The Return of Mark Sanford

If there’s a lesson from yesterday’s special election in the first district of South Carolina—which covers most of Charleston, as well as small towns like Summerville and Goose Creek—it’s that Republican voters in the state are willing to do anything but vote for a Democrat. Elizabeth Colbert-Busch (sister of Stephen Colbert) ran a well-funded campaign to take the seat, but couldn’t prevail over disgraced former governor Mark Sanford, who won by a comfortable nine-point margin.

Not that this comes as a surprise. Not only does Sanford have a long-standing relationship with the district—he held the seat for three terms before becoming governor—but it’s also a deeply conservative area which Republicans routinely win by double-digits or more. Yes, one early poll from Public Policy Polling gave Colbert-Busch a large lead over Sanford, but at every point, the most likely outcome was a win for the former governor.

It’s tempting to read a broader narrative into this race, but the truth is that it doesn’t say much—if anything—about the national mood. Remove Sanford from the picture, and you’re left with an unremarkable story—“Republican wins congressional seat in South Carolina”. As is true in most elections, partisanship and ideology matter as much, if not more, than the quality of the candidate or her background.

In other words, if there were any lesson to draw from this race, it’s that there are almost no circumstances that would bring white Southerners to support a Democratic candidate, even if their opponent left office after abandoning his official duties to pursue an affair. White Southerners are loyal Republican voters—only white Democratic House member from the Deep South, Georgia’s John Barrow, represents a district that’s 40 percent black or Latino. Anything less, and odds are good he couldn’t win.
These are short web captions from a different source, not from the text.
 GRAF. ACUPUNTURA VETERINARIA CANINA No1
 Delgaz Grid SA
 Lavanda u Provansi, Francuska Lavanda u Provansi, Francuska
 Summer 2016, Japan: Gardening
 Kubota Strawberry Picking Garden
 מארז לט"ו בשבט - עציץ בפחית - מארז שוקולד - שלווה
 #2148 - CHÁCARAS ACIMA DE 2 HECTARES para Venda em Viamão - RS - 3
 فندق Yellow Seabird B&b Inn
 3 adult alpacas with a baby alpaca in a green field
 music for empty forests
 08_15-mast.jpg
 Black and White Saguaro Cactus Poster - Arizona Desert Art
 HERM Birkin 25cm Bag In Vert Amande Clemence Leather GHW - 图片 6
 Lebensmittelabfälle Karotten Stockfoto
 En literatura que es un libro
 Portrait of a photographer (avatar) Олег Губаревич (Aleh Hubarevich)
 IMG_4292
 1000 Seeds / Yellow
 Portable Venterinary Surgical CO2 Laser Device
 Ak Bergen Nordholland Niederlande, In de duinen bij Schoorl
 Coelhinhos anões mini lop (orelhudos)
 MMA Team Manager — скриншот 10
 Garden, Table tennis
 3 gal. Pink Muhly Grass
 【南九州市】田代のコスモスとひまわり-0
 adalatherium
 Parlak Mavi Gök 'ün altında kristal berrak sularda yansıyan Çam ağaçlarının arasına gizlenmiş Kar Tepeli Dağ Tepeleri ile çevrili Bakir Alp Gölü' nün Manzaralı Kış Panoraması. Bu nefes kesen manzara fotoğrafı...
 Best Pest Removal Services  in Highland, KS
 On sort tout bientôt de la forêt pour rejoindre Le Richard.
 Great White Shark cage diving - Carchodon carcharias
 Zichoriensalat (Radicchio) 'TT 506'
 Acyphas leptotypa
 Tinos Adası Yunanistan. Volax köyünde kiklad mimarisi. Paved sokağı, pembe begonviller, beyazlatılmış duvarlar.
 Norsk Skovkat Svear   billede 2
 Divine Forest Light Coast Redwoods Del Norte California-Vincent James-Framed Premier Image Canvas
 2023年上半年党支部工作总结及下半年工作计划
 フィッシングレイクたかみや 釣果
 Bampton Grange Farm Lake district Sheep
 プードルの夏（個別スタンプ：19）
It should be said that when it comes to statewide elections, the South isn’t impossible for Democrats—Barack Obama won Virginia and North Carolina in 2008, and repeated the feat in Virginia last year. And with time and population growth, there’s a chance Georgia will become competitive as well.

But the political geography of the South gives Republicans a decisive advantage in legislative elections. Simply put, Republicans control more land than Democrats, who tend to live in urban areas, giving them control of congressional delegations and state legislatures.

Insofar that Democrats want to make further inroads in the South, it’s a tough status quo to crack.